Do you mean Kiger's that singlefoot?


----------



## DaniR1968 (May 24, 2008)

Irish said:


> How funny! I was thinking the same thing late last night. The grade horse was either a singelfooter or a non-characteristic Appy who shuffled. To my knowledge I don't think I've ever had a QH singlefooter (I've seen them and once saw one in a QH Pleasure class, he didn't place) but I have had shufflers. Yep, there are some breeders who breed for that. I think some of the Tiger horses have that. Haven't kept up with the association so not sure. I don't know which QH lines singlefoot. To my knowledge, singlefooting isn't wanted in a QH nor bred for. But, as I age and my bones hurt, a gaited horse is looking better and better. That's why I contacted my internet friend about her horses. But, hers aren't broke, but, ready to be custom started.

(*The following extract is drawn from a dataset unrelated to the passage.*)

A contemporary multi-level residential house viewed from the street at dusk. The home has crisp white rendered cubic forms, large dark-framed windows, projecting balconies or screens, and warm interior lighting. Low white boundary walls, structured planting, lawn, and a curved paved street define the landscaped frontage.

Gaited horse can and do work cattle. A tall horse is not going to be as quick and agile, but you can find smaller ones. I have a 14.2 hh Fox trotter. Of course he's not really beginner friendly. He will take a mile if you give an inch. But I know plenty of people who have shorter gaited horses that are great for beginners. You just have to look. 

With young horses, you can't tell how they will be as adults. A horse that is perfectly quiet on the ground can be high energy with a rider. I had a Paso Fino like that. Super calm for any ground work but you could feel the energy when you got on. And she didn't like to do anything slow. Not all of them are like that. I ride with someone on a PF and her horse is calmer under saddle. 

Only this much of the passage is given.